Brief Course Description  
This course covers a variety of techniques for designing approximation algorithms. Two central themes are: (a) linear programming based techniques, and (b) combinatorial methods. Recent results on hardness of approximation, approximate counting, and semidefinite programming might also be touched upon if time allows. We shall spend roughly a third of the semester on each of linear programming and combinatorial methods. The other third is reserved for more specialized topics. We shall attempt to cover a broad range of commonly faced optimization problems, mostly on graphs, which can be naturally modelled and/or solved using linear programming and other approximation techniques.
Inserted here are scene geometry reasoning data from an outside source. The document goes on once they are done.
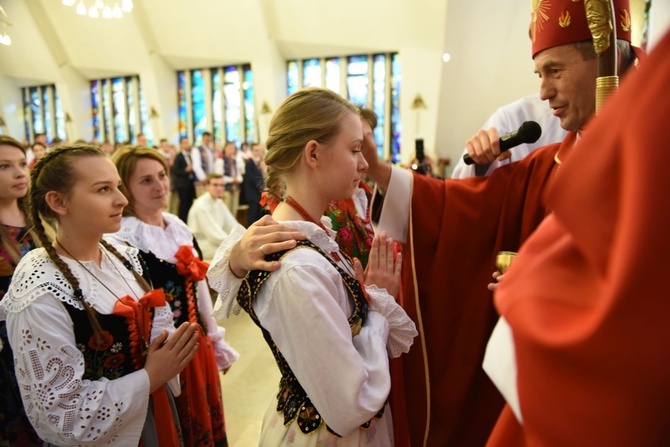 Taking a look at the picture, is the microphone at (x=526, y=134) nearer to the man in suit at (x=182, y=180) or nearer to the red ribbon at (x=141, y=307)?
the red ribbon at (x=141, y=307)

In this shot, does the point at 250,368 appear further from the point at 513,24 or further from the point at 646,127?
the point at 513,24

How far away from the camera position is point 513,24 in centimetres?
830

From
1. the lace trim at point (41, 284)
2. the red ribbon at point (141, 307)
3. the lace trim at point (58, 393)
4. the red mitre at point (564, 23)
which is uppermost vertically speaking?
the red mitre at point (564, 23)

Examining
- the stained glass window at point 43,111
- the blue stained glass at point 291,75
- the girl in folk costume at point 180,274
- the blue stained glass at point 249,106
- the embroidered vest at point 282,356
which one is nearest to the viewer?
the embroidered vest at point 282,356

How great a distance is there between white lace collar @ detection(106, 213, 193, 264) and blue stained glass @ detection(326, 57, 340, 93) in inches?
457

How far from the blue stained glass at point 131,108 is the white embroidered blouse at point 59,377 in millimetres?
15636

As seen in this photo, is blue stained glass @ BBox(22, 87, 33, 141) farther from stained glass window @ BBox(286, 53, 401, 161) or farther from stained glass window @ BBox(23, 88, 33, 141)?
Answer: stained glass window @ BBox(286, 53, 401, 161)

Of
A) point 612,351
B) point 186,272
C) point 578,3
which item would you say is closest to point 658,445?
A: point 612,351

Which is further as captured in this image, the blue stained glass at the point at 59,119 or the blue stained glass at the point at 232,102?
the blue stained glass at the point at 59,119

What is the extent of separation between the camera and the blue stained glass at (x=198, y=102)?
14359 mm

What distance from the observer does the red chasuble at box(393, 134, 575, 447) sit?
137cm

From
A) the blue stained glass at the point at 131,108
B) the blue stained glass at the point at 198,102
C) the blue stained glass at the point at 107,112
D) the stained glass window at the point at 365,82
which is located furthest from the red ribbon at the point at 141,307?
the blue stained glass at the point at 107,112

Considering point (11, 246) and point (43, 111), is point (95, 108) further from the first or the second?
point (11, 246)

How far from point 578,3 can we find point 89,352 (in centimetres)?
183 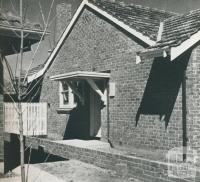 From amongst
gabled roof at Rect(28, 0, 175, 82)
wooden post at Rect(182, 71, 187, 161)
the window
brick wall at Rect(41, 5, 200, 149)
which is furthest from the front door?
wooden post at Rect(182, 71, 187, 161)

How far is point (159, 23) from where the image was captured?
456 inches

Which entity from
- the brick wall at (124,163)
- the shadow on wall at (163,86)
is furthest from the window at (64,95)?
the shadow on wall at (163,86)

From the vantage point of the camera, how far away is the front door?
12.9m

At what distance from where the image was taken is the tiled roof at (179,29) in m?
8.41

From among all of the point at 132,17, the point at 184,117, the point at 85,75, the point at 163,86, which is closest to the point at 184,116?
the point at 184,117

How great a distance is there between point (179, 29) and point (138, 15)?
2731 millimetres

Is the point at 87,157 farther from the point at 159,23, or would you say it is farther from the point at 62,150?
the point at 159,23

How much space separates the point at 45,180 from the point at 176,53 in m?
4.12

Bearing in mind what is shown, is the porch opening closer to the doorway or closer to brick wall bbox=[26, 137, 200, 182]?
the doorway

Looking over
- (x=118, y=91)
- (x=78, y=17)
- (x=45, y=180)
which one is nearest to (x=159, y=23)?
(x=118, y=91)

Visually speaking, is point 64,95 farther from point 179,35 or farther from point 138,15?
point 179,35

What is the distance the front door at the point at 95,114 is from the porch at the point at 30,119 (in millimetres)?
2153

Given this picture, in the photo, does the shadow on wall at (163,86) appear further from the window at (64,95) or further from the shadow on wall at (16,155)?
the window at (64,95)

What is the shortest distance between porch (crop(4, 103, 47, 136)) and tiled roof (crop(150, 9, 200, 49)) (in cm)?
590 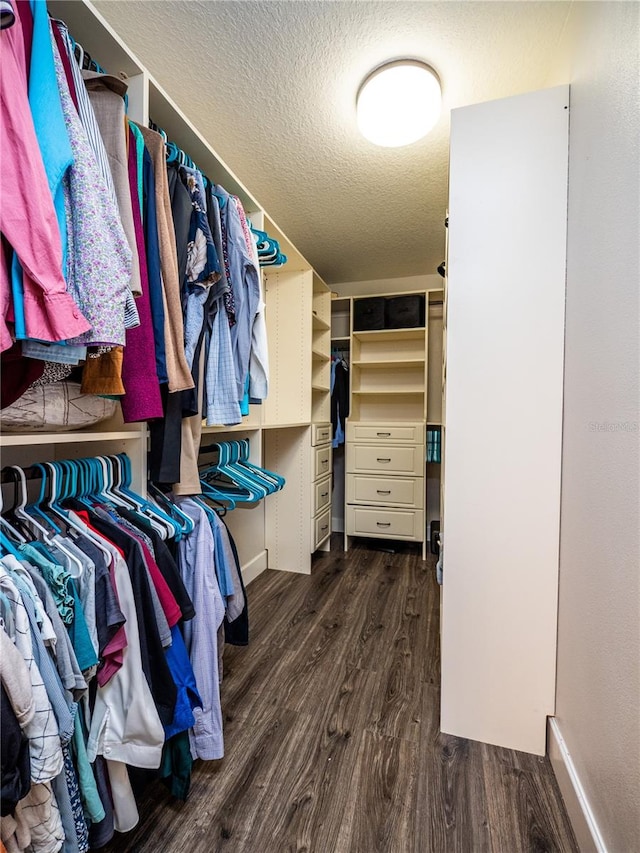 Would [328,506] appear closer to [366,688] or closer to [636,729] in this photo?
[366,688]

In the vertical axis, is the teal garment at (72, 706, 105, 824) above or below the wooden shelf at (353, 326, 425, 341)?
below

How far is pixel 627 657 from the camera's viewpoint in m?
0.77

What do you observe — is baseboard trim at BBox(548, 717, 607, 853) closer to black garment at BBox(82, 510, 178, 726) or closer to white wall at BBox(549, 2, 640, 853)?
white wall at BBox(549, 2, 640, 853)

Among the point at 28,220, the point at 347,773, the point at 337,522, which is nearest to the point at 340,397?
the point at 337,522

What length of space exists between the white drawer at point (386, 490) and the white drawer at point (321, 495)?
6.7 inches

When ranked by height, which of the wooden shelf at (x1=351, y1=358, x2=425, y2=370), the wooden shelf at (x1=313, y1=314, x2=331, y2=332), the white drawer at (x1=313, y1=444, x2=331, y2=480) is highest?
the wooden shelf at (x1=313, y1=314, x2=331, y2=332)

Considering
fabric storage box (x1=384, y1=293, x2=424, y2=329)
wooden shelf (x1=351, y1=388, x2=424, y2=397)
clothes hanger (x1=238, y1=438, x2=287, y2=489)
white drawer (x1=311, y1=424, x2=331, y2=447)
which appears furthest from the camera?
wooden shelf (x1=351, y1=388, x2=424, y2=397)

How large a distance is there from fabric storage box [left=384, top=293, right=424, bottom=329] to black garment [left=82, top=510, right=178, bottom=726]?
269cm

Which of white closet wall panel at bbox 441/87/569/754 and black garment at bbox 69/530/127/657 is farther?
white closet wall panel at bbox 441/87/569/754

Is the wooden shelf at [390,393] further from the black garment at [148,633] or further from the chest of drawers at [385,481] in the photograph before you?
the black garment at [148,633]

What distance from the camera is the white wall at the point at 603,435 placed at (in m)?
0.77

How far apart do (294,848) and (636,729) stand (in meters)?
0.86

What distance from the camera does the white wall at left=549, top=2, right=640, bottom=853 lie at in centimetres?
77

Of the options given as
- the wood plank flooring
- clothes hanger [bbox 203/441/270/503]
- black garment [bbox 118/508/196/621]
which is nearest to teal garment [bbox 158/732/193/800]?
the wood plank flooring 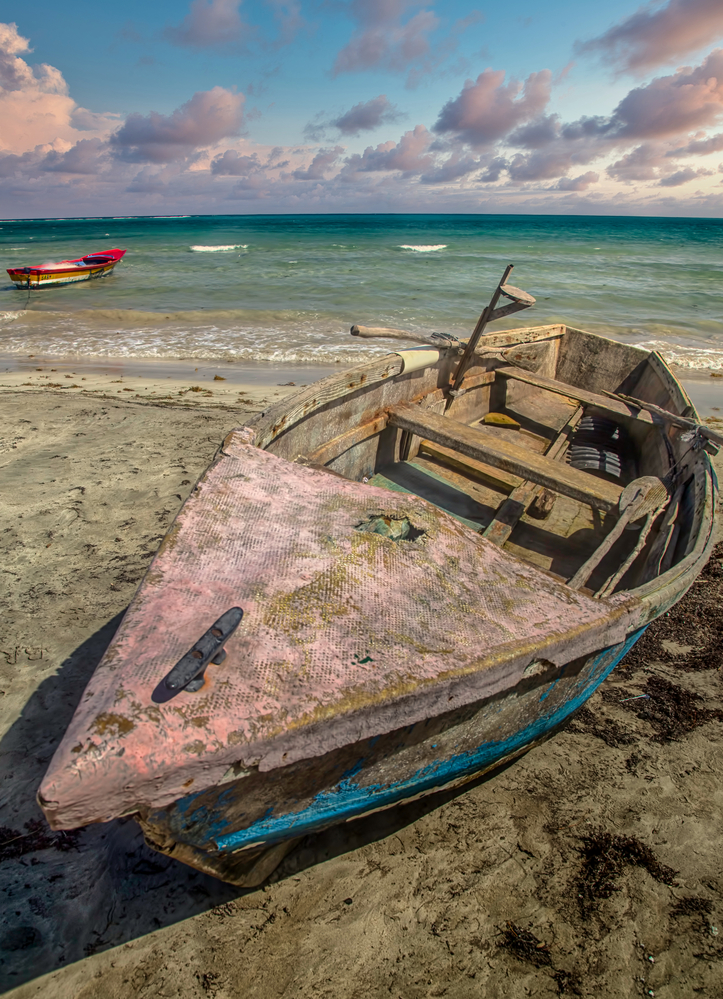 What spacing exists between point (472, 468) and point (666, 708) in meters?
2.39

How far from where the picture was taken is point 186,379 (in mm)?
9055

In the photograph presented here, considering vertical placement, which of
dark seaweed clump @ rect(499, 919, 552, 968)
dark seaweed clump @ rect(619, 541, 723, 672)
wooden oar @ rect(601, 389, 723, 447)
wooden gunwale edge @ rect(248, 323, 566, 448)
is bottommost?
dark seaweed clump @ rect(499, 919, 552, 968)

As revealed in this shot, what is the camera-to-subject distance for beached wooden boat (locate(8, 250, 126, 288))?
694 inches

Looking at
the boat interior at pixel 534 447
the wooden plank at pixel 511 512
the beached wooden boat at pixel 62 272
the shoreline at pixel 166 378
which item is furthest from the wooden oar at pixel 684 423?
the beached wooden boat at pixel 62 272

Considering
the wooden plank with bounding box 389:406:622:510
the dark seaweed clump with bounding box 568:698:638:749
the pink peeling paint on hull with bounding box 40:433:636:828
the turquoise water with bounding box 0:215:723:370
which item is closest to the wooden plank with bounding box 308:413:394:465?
the wooden plank with bounding box 389:406:622:510

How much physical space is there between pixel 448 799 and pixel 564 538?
221cm

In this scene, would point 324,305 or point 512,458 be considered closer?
point 512,458

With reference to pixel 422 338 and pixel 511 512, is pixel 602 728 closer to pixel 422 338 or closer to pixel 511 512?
pixel 511 512

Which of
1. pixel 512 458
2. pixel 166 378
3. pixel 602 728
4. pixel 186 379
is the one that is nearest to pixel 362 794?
pixel 602 728

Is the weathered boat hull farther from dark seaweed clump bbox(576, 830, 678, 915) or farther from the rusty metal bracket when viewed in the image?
dark seaweed clump bbox(576, 830, 678, 915)

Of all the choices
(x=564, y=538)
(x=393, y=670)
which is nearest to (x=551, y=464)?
(x=564, y=538)

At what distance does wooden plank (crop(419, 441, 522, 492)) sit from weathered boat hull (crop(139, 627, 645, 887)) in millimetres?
2361

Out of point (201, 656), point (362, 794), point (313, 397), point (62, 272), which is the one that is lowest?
point (362, 794)

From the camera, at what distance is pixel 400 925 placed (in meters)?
2.04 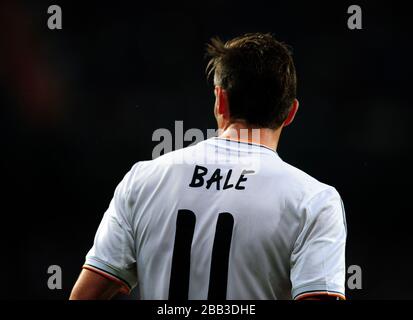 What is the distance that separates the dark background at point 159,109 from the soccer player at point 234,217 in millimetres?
4123

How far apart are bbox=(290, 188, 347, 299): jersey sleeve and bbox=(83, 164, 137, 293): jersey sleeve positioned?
1.44 ft

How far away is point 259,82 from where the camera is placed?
1792 millimetres

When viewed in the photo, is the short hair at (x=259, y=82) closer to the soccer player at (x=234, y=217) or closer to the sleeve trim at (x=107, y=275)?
the soccer player at (x=234, y=217)

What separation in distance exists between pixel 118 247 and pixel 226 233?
1.02ft

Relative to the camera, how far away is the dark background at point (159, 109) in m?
5.87


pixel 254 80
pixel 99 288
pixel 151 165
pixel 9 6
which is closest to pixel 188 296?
pixel 99 288

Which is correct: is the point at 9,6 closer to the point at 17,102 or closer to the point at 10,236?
the point at 17,102

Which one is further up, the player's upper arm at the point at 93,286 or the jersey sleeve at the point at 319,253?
the jersey sleeve at the point at 319,253

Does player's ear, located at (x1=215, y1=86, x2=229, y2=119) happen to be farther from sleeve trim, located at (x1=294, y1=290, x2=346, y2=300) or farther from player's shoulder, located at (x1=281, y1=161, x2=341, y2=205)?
sleeve trim, located at (x1=294, y1=290, x2=346, y2=300)

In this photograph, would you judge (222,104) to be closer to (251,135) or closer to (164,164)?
(251,135)

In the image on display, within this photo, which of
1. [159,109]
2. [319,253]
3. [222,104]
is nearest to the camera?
[319,253]

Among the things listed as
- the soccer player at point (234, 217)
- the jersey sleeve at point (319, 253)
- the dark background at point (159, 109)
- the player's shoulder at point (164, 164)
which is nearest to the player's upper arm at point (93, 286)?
the soccer player at point (234, 217)

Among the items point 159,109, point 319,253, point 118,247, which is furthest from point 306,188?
point 159,109

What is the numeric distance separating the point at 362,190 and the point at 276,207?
182 inches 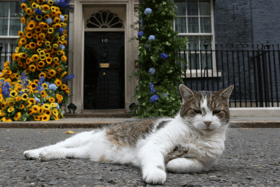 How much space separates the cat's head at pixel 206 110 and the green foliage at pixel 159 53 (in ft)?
12.3

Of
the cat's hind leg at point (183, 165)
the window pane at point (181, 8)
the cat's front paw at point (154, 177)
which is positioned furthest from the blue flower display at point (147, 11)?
the cat's front paw at point (154, 177)

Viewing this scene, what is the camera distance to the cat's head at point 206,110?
149 centimetres

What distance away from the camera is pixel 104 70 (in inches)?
316

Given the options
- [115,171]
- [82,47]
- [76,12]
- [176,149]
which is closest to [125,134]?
[115,171]

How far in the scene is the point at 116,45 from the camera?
320 inches

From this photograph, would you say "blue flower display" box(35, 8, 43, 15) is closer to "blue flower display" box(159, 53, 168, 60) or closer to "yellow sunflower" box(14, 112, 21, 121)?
"yellow sunflower" box(14, 112, 21, 121)

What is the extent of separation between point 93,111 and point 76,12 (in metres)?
3.63

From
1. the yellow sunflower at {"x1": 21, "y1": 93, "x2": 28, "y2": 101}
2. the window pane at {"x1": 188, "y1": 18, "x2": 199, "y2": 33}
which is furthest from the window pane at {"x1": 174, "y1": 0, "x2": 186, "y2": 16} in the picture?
the yellow sunflower at {"x1": 21, "y1": 93, "x2": 28, "y2": 101}

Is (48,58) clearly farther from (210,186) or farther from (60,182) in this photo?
(210,186)

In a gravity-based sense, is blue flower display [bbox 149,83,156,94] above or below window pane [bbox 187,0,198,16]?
below

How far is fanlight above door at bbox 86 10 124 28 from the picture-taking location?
8.14 metres

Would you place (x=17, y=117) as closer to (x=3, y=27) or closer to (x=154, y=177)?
(x=154, y=177)

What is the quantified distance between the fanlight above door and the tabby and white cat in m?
7.05

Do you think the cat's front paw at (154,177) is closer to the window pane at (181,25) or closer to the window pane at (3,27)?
the window pane at (181,25)
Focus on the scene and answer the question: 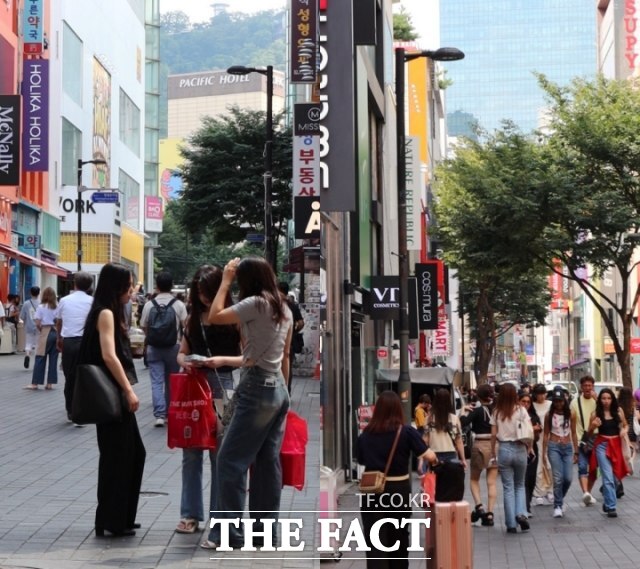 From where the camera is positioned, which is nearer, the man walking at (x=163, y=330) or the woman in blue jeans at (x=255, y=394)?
the woman in blue jeans at (x=255, y=394)

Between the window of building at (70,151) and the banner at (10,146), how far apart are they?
18211 millimetres

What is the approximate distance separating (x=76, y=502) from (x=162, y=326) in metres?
4.73

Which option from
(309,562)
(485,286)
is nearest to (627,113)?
(485,286)

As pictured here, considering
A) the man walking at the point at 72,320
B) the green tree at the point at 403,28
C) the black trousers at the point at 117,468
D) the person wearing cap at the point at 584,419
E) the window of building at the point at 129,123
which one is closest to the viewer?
the black trousers at the point at 117,468

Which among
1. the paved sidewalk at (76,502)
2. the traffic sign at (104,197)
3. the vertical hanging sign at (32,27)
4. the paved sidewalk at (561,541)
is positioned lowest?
the paved sidewalk at (561,541)

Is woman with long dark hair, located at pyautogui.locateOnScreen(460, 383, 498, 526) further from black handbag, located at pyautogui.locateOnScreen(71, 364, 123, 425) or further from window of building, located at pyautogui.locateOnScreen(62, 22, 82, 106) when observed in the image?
window of building, located at pyautogui.locateOnScreen(62, 22, 82, 106)

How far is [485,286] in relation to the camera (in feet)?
188

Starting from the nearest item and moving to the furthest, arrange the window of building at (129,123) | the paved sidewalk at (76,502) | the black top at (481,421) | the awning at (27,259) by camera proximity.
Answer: the paved sidewalk at (76,502) → the black top at (481,421) → the awning at (27,259) → the window of building at (129,123)

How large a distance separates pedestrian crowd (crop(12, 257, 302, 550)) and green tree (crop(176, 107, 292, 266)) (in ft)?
120

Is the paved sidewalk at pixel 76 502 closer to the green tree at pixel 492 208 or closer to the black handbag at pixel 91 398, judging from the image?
the black handbag at pixel 91 398

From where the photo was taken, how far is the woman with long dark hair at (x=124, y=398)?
9.61 metres

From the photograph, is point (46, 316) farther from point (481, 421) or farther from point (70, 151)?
point (70, 151)

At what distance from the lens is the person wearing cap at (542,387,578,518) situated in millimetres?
16766

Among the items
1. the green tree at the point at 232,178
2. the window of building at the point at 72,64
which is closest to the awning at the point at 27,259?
the green tree at the point at 232,178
In addition to that, students are expected to gain substantial discrete mathematics problem solving skills essential for computer engineers and scientists. The textbook is meant mostly to be a reference. We shall cover many topics not covered in the texts. Appropriate lecture notes shall be given. This course is mathematical in nature. One aim is for students to be able to formulate practical problems mathematically, and find familiar techniques to solve them if possible. 

Class Syllabus


Prerequisites: A solid background on
basic algorithms. (A formal course like CSE531 suffices.) Ability to read
and quickly grasp new discrete mathematics concepts and results. Ability
to do rigorous formal proofs.


Teaching staff and related info  


Place and Time: Tuesdays &
Thursdays 02:00  03:20, Norton 214.


Required Textbook: Vijay Vazirani, Approximation Algorithms, SpringerVerlag, 397 pages hardcover, ISBN: 3540653678, published 2001.